4. Classify Multiple Error Messages (Batch)

$body = @{
    error_messages = @(
        "NullPointerException in UserService.getUser()",
        "Duplicate key error: user with email already exists",
        "Invalid input: age must be between 0 and 120"
    )
    include_metadata = $true
} | ConvertTo-Json

Invoke-RestMethod -Uri "http://127.0.0.1:8000/classify-errors" `
  -Method POST `
  -ContentType "application/json" `
  -Body $body

Response:

{
  "results": [
    {
      "error_category": "NULL_REFERENCE",
      "confidence": 0.92,
      "all_probabilities": {...},
      "description": "Null pointer or reference errors...",
      "suggested_action": "Check for null values before accessing..."
    },
    {
      "error_category": "DUPLICATE_CONFLICT",
      "confidence": 0.87,
      "all_probabilities": {...},
      "description": "Duplicate entries or unique constraint violations",
      "suggested_action": "Check for existing records before insertion..."
    },
    {
      "error_category": "VALIDATION",
      "confidence": 0.85,
      "all_probabilities": {...},
      "description": "Input validation or data format errors",
      "suggested_action": "Validate input format, check data constraints..."
    }
  ]
}

Using cURL (Alternative)

# Single classification
curl -X POST "http://127.0.0.1:8000/classify-error" \
  -H "Content-Type: application/json" \
  -d '{"error_message": "Connection timeout after 30 seconds", "include_metadata": true}'

# Batch classification
curl -X POST "http://127.0.0.1:8000/classify-errors" \
  -H "Content-Type: application/json" \
  -d '{"error_messages": ["NullPointerException...", "Duplicate key..."], "include_metadata": true}'

Use Cases

1. Error Monitoring & Aggregation

Automatically categorize incoming errors for better monitoring:

# Classify errors from application logs
errors = ["Connection timeout...", "NullPointerException...", ...]
response = classify_errors_batch(errors)

# Group by category for dashboard
error_counts = {}
for result in response['results']:
    category = result['error_category']
    error_counts[category] = error_counts.get(category, 0) + 1

2. Intelligent Alerting

Route alerts to appropriate teams based on error type:

result = classify_error("Database deadlock detected")
if result['error_category'] == 'DATABASE_ERROR':
    alert_database_team(result)
elif result['error_category'] == 'NETWORK_CONNECTION':
    alert_infrastructure_team(result)

3. Automated Ticket Routing

Create tickets with proper categorization and suggested actions:

result = classify_error(error_message)
create_ticket(
    category=result['error_category'],
    description=result['description'],
    suggested_action=result['suggested_action'],
    priority=calculate_priority(result['confidence'])
)

4. Error Trend Analysis

Analyze error patterns over time:

# Classify all errors from the past week
errors_this_week = get_errors_from_logs()
classifications = classify_errors_batch(errors_this_week)
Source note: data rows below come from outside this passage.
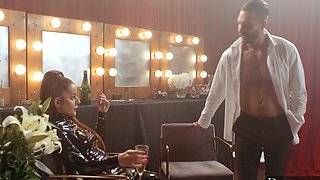 Dirty diva Vanna devours cock while Avery's big naturals bounce in a wild threesome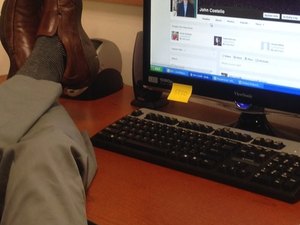 Brasileiros gastam quase 1h por dia em redes sociais no trabalho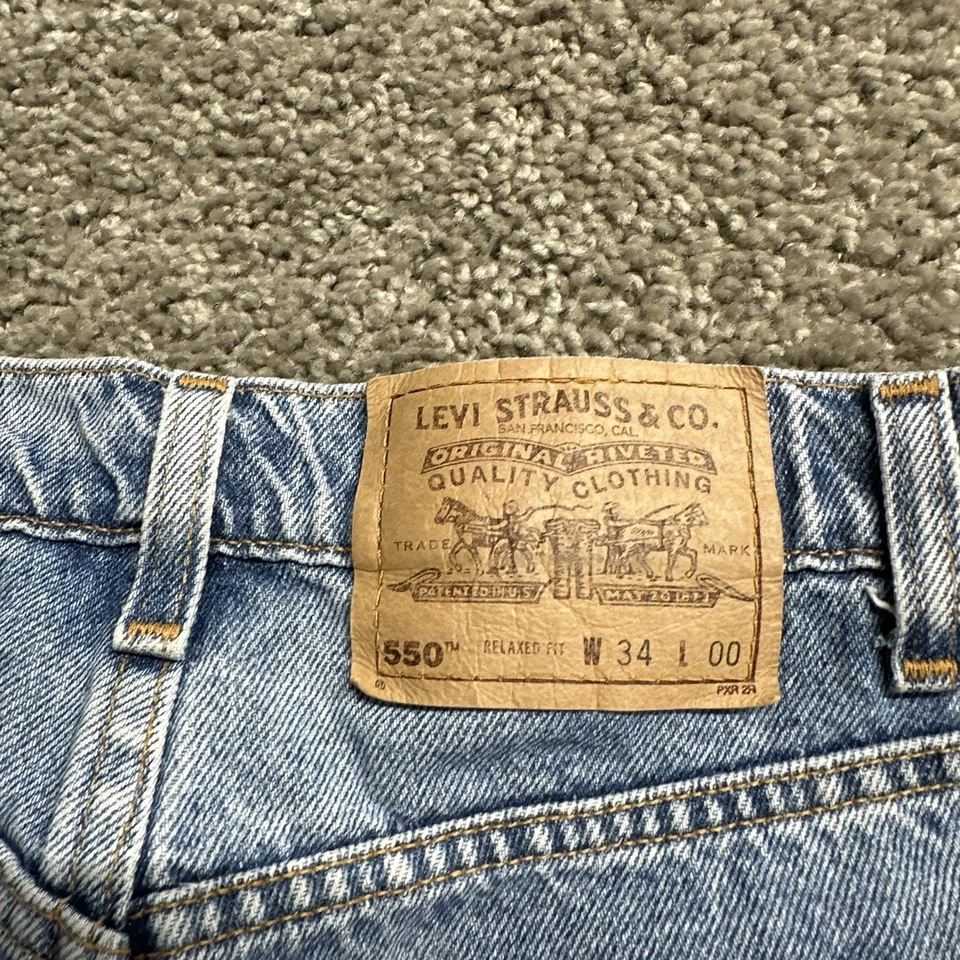 Vtg 90s Levi's 550 White Tab Shorts Sz 34W 10L Denim Made in USA 100% Cotton Men - Image 4 of 4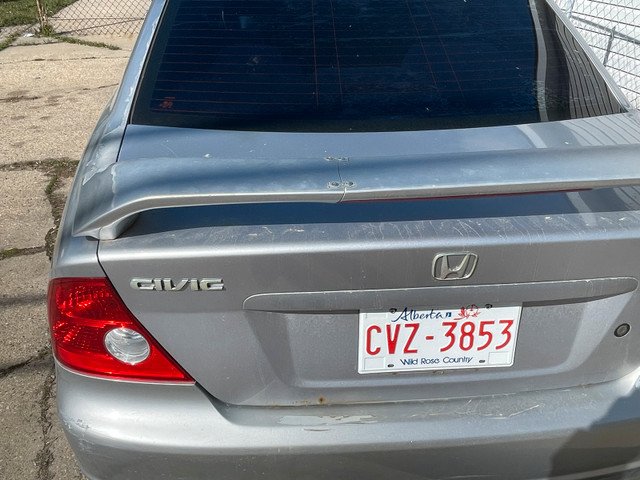 02honda civic coupe in Cars & Trucks in Edmonton - Image 4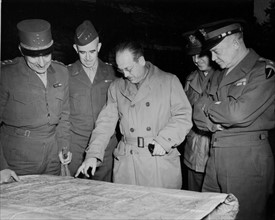 Chefs militaires alliés étudiant une carte de guerre en France. (25 novembre 1944)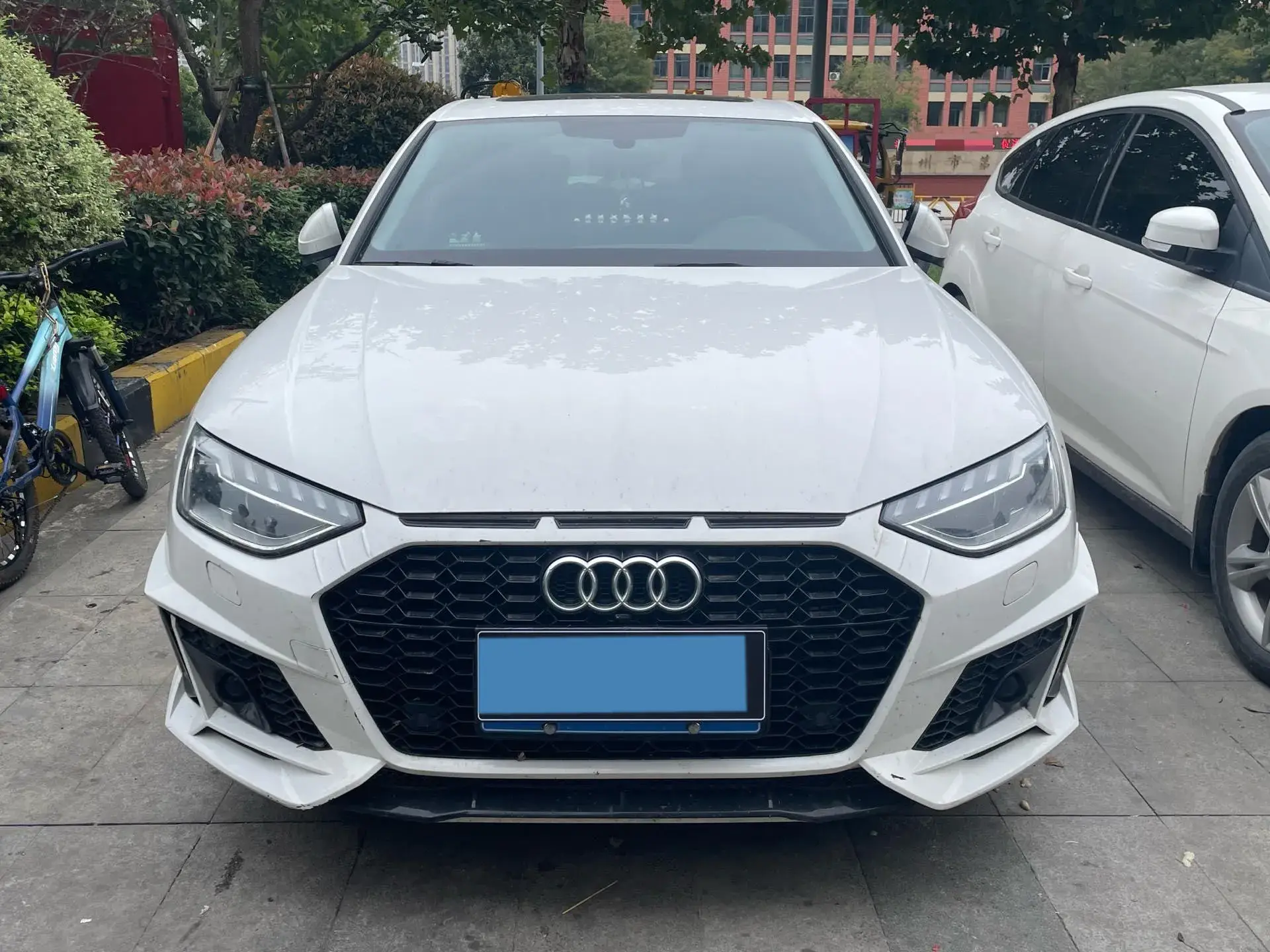 2023 AUDI A4L thumbnail 2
# Identify trending error categories
analyze_trends(classifications)

Customizing Training Data

To improve classification for your specific errors:

  1. Edit data/training_data.csv
  2. Add your own error examples with correct categories
  3. Ensure CSV format: error_message,error_category
  4. Use these category names: NULL_REFERENCE, RESOURCE_EXHAUSTION, NETWORK_CONNECTION, DUPLICATE_CONFLICT, DATABASE_ERROR, TIMEOUT, CONFIGURATION, NOT_FOUND, AUTHENTICATION, VALIDATION
  5. Re-run training: python -m src.train_model
  6. Restart the API server

Example:

error_message,error_category
"Custom null error in MyService",NULL_REFERENCE
"My application out of memory",RESOURCE_EXHAUSTION

How It Works

Model Architecture

  1. Enhanced Preprocessing:

    • Normalizes whitespace and removes punctuation
    • Preserves important error patterns (exception names, error codes)
  2. Feature Engineering:

    • Extracts error type indicators (null, timeout, not found, etc.)
    • Calculates message statistics (character count, word count)
    • Detects special patterns (IP addresses, file paths, numbers)
  3. TF-IDF Vectorization:

    • Converts error text into numerical features using optimized parameters
    • Uses unigrams and bigrams for better context
    • Vocabulary size: 10,000 features
    • Applies sublinear term frequency scaling
  4. Feature Combination:

    • Combines TF-IDF features with engineered features using FeatureUnion
    • Scales engineered features for optimal performance
  5. Logistic Regression:

    • Hyperparameter-tuned with GridSearchCV (5-fold cross-validation)
    • Uses L2 regularization to prevent overfitting
    • Optimized C parameter and solver selection
  6. Classification:

    • Predicts error category with confidence score
    • Returns probabilities for all categories
    • Provides human-readable descriptions and suggested actions

Why Semantic Intent Classification?

Traditional approach:

"ERROR: Connection timeout" → category: ERROR

Semantic intent approach:

"Connection timeout after 30 seconds" → category: NETWORK_CONNECTION
  + description: "Network connectivity issues (timeout, refused, unreachable)"
  + suggested_action: "Check network connectivity, verify service availability"

Benefits:

  • Actionable insights: Know what type of error occurred, not just severity
  • Better routing: Send errors to the right team (DB team, network team, etc.)
  • Improved monitoring: Track specific error patterns (e.g., spike in TIMEOUT errors)
  • Human-friendly: Categories are self-explanatory

How Classification Works (Simple Explanation)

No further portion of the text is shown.